«New Work muss raus aus der Elite-Blase», mahnte bereits 2018 Nicole Thurn an, freie Journalistin und Moderatorin. Die meisten Publikationen, Studien und in der Praxis umgesetzten Konzepte zu New Work (neue Arbeitswelten) beschäftigen sich mit flexiblen Arbeitszeitmodellen, Homeoffice sowie Raumgestaltung und Formen der Zusammenarbeit für Büroangestellte. 2023 rückte eine Studie der Randstadt Zeitarbeitsfirma in den Fokus, dass auch Arbeitnehmende ausserhalb der Büros (im Englischen die ‘Non-Office Workers’) den Wunsch nach Flexibilität und alternativen Arbeitsmodellen haben. Seitdem scheint jedoch noch nicht viel passiert zu sein, obwohl der Handlungsdruck für die Unternehmen steigt.
In diesem Monat sind wieder viele junge Menschen in Graubünden in die berufliche Grundbildung gestartet. Die Zahlen dürften wieder auf dem Vorjahresniveau liegen, als insgesamt rund 1600 Lernende an Bündner Berufsfachschulen starteten. Davon arbeiten nur etwa 200 Lernende in Büro-Jobs, während 1400 Lernende eine Lehre ausserhalb des Büros wählten. Diesem Teil der Arbeitnehmerinnen und Arbeitnehmer werden die meisten Konzepte zu New Work also eher nicht gerecht. Schichtbetrieb in Spitälern, komplex und eng getaktete Produktionsabläufe in der Industrie oder unvorhersehbare Störungseinsätze in der Energiewirtschaft; Es gibt verschiedenste Szenarien ausserhalb der Büros, die es schwierig erscheinen lassen, New-Work-Konzepte umzusetzen.
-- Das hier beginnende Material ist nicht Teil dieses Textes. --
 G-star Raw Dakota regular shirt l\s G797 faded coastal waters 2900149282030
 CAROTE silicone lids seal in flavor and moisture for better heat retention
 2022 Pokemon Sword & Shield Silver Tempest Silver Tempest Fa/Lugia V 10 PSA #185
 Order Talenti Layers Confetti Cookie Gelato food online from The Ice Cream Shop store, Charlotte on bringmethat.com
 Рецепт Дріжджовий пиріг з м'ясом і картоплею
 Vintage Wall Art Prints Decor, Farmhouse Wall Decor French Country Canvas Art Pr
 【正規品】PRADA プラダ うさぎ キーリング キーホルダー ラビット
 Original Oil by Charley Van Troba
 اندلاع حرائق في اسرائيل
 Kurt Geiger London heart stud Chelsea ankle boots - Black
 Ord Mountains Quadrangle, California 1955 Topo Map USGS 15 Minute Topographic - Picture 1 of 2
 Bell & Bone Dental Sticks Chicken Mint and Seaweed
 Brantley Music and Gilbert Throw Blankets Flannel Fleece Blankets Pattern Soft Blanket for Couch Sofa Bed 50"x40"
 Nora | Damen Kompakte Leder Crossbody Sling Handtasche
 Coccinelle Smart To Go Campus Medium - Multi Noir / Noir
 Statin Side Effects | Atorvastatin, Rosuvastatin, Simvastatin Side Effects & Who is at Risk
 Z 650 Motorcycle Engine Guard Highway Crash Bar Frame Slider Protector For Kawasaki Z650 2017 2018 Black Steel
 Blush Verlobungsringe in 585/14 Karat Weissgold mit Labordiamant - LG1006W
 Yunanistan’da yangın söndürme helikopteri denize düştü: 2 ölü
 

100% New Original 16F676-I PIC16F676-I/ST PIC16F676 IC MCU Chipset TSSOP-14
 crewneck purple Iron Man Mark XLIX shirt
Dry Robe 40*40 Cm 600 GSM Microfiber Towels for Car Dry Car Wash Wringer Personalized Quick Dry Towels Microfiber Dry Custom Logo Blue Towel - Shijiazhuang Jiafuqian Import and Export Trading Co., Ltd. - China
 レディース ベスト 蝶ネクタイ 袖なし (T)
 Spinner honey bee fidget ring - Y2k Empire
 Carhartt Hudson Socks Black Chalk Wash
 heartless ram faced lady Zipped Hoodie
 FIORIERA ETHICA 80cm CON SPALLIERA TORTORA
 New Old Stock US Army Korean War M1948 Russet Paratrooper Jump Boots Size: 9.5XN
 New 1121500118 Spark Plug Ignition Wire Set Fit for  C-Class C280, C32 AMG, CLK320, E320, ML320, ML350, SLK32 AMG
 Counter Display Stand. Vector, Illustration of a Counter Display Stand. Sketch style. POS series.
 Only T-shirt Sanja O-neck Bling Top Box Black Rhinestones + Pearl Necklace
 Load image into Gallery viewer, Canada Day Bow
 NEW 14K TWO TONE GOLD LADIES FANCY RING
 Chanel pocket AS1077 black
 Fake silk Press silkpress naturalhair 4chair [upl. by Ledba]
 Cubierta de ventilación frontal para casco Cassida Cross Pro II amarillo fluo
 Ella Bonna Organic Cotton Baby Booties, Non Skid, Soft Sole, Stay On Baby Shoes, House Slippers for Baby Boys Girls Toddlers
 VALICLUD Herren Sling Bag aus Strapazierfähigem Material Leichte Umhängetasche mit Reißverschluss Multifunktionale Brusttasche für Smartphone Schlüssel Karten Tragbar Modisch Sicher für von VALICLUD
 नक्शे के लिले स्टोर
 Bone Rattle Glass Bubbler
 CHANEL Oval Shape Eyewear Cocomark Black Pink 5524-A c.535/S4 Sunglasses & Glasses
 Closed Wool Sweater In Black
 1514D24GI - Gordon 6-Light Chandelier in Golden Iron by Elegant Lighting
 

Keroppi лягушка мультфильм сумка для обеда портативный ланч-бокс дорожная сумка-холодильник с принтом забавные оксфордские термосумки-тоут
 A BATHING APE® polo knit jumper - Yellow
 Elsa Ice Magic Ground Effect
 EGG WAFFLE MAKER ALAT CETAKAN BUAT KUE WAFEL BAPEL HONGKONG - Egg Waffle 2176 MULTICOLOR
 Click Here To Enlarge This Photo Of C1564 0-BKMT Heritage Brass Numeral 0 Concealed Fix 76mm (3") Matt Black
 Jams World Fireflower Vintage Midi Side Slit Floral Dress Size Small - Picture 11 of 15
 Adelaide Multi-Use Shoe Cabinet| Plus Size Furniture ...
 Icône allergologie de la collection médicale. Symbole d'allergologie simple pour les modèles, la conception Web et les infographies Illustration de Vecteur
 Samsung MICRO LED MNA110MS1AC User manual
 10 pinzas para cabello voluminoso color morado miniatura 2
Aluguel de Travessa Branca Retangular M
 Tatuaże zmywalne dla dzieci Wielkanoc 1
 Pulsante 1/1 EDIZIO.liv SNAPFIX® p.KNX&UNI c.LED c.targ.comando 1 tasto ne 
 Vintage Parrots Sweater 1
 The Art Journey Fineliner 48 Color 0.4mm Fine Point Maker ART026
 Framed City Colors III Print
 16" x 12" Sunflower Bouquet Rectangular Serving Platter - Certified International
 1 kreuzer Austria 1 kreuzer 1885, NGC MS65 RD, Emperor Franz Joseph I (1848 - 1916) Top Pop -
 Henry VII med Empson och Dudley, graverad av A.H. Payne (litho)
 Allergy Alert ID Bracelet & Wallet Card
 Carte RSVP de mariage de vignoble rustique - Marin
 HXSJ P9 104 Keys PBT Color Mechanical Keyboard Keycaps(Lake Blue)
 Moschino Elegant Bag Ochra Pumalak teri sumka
Und dennoch sind die Bedürfnisse nach neuen Lösungen da, wie eine Studie der Fachhochschule Graubünden beispielhaft für das Bauhauptgewerbe in Graubünden herausgefunden hat. Gefragt nach ihren Bedürfnissen und Wünschen am Arbeitsplatz zeigten Baupoliere und Bauführerinnen auf, dass auch bei körperlich fordernder Arbeit Themen wie Arbeitszeitgestaltung, Wertschätzung, Führungsverständnis oder Weiterbildung wichtig sind. Und dabei ist es keineswegs einfach, das richtige Modell zu finden. Beispielsweise finden 72 Prozent der Befragungsteilnehmer die herkömmliche 5-Tage-Woche attraktiv. Mit der 5-Tage-Woche würde man also die Mehrheit ansprechen. Aber Fakt ist auch, dass 68 Prozent auch eine 4-Tage-Woche interessant fänden.
Unternehmerinnen und Unternehmer sind daher gefordert, die Bedürfnisse individuell zu erkennen und nach Wegen zu suchen, diese zu adressieren. Wer das nicht tut, droht im Wettbewerb um die immer knapper werdenden Fachkräfte ins Hintertreffen zu geraten. Fehlende Personalressourcen limitieren nicht nur künftiges Wachstum, sondern führen bei einer alternden Belegschaft sogar zu einer wirtschaftlichen Schwächung. Wenn die geburtenstarken Jahrgänge der Babyboomer aus dem Erwerbsleben ausscheiden, wird in allen Berufsfeldern eine Lücke am Arbeitsmarkt entstehen. Künftige Generationen von Non-Office-Workers werden es sich daher erlauben dürfen, New Work auch in ihrer Arbeitsumgebung zu fordern. Im Gegenzug ist mit höherer Leistung, Zufriedenheit und Loyalität der Mitarbeitenden zu rechnen.
In diesem Sinne formulierte ein im Rahmen der FHGR-Studie befragter junger Bauführer, es gehe bei New Work für Non-Office-Workers nicht um das «ob», sondern um das «wie». Also, liebe Arbeitgeberinnen und Arbeitgeber, seid mutig, kreativ und proaktiv, damit von den 1400 Non-Office-Lernenden in Graubünden möglichst viele ihr Talent auch nach der Ausbildung in Graubünden einsetzen werden.
Prof. Dr. Frank Bau ist Professor für Leadership und General Management am Zentrum für Betriebswirtschaftslehre der FH Graubünden. Alle vier Wochen diskutiert die einzige Fachhochschule im Kanton an dieser Stelle aktuelle Themen aus Lehre und Forschung.